Billy: No, it doesn’t. There’ll be one guy left with one eye. How’s the last blind guy gonna take out the eye of the last guy left?
Farrell plays Marty, an Irish screenwriter suffering from writers block. He calls on the help of his livewire friend Billy (Rockwell), who runs a dog stealing syndicate with Hal (Walken). The three men soon find themselves on the run from a ruthless mob boss (Harrelson) who comes searching for his stolen dog. Meanwhile a masked serial killer stalks Los Angeles, leaving a Jack of Diamonds playing card at each murder scene. We’re treated to some strange interconnected subplot stories involving some rather strange psychopaths, with all forms of nutters coming and going along the way.
Larry: Are you nervous because we’re killing a chick?
Tommy: Yeah, look at me, I’m shaking. I got the chick-killing shakes.

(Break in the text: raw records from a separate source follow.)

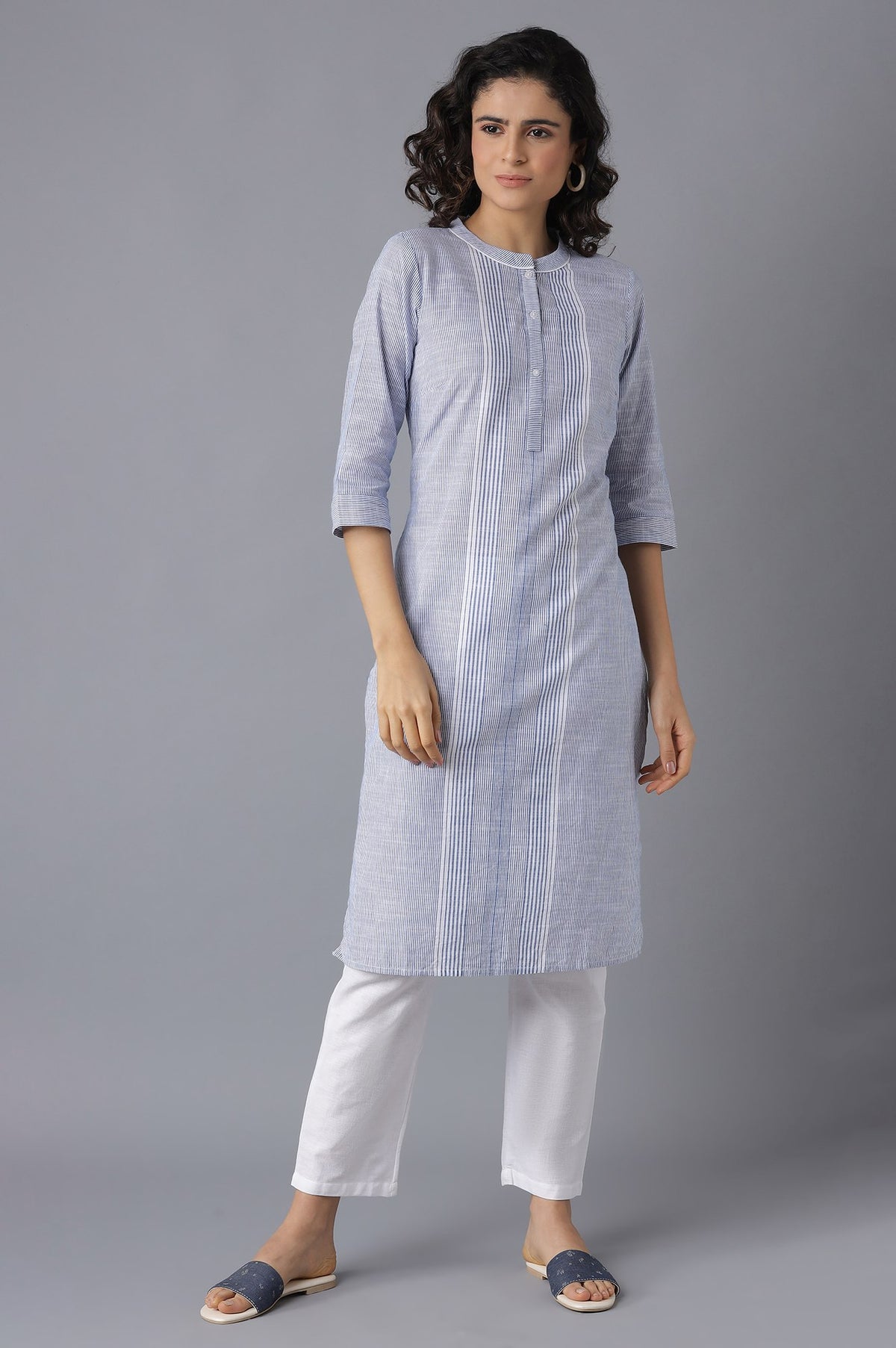 Blue Printed kurta-White Palazzo - XS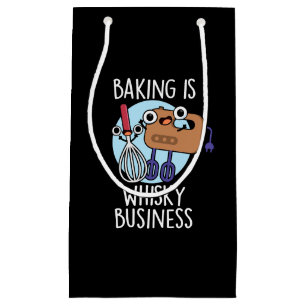 Petit Sac Cadeau Baking Est Whisk-ey Business Baker Pun Dark BG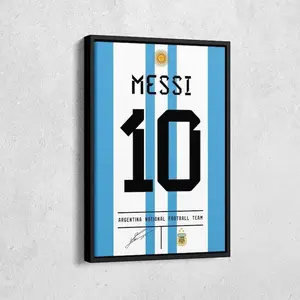 Lionel Messi Jersey Art Argentina Soccer Wall Art Home Decor Hand Made Poster Canvas Print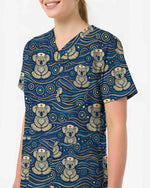 Aboriginal Indigenous Art Nurse Koala Medical Scrub Top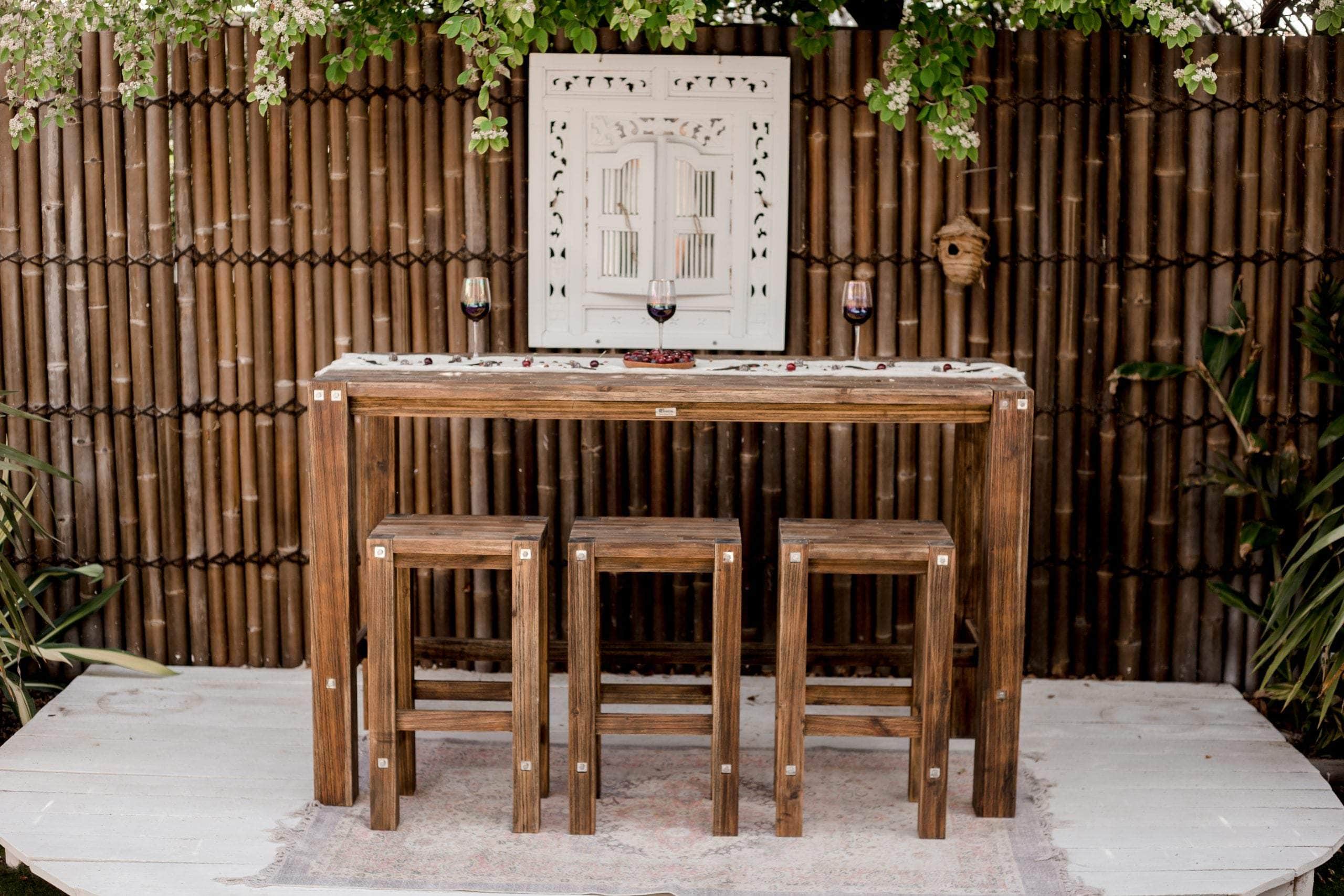 Sturdy Bar Table & Stool Set - Black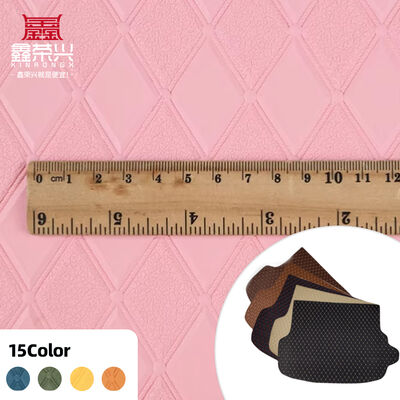 چرم مصنوعی مصنوعی با طرح برجسته لوزی PVC برای صندلی های پا خودرو، مبل، تزئین کیف، پارچه چرم مصنوعی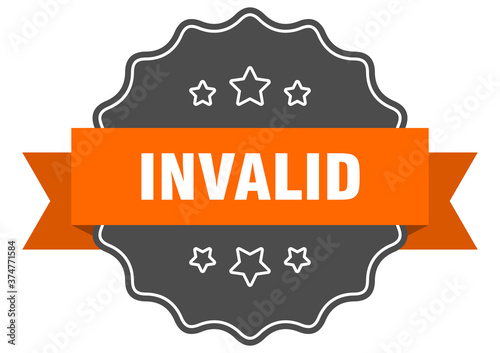 invalid label. invalid isolated seal. sticker. sign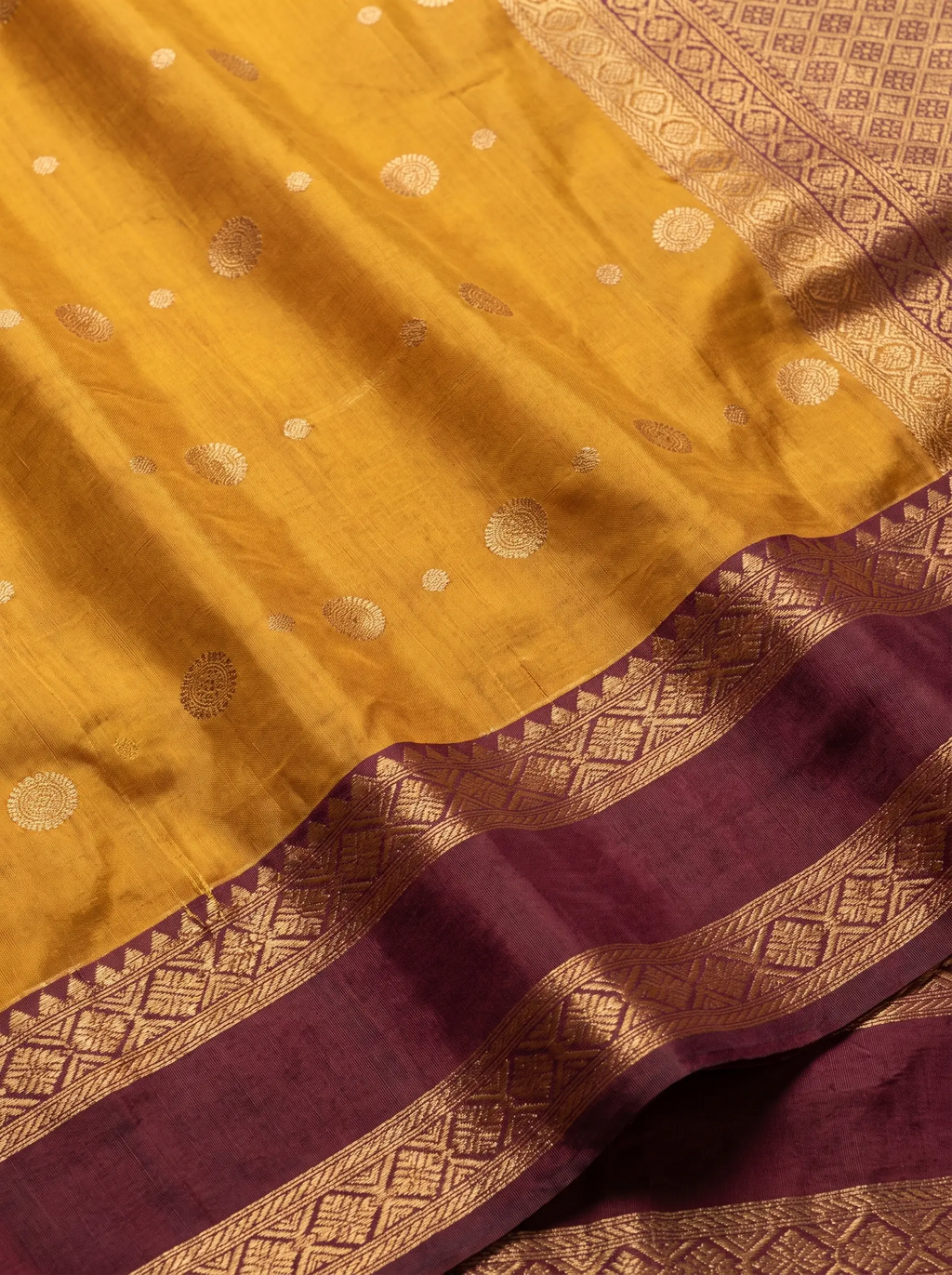 Mustard Gold Maroon Zari Floral Silk Saree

Filled with black comedy, Seven Psychopaths echoes influences from Kill Bill and Snatch, genre skipping and changing narrative nearly every few minutes. On paper it sounds like complete chaos, but it surprisingly delivers on its promise to entertain. Warm up the popcorn, kick off your shoes, take out your brain and place it neatly beside you. Good, now you’re ready for Seven Psychopaths.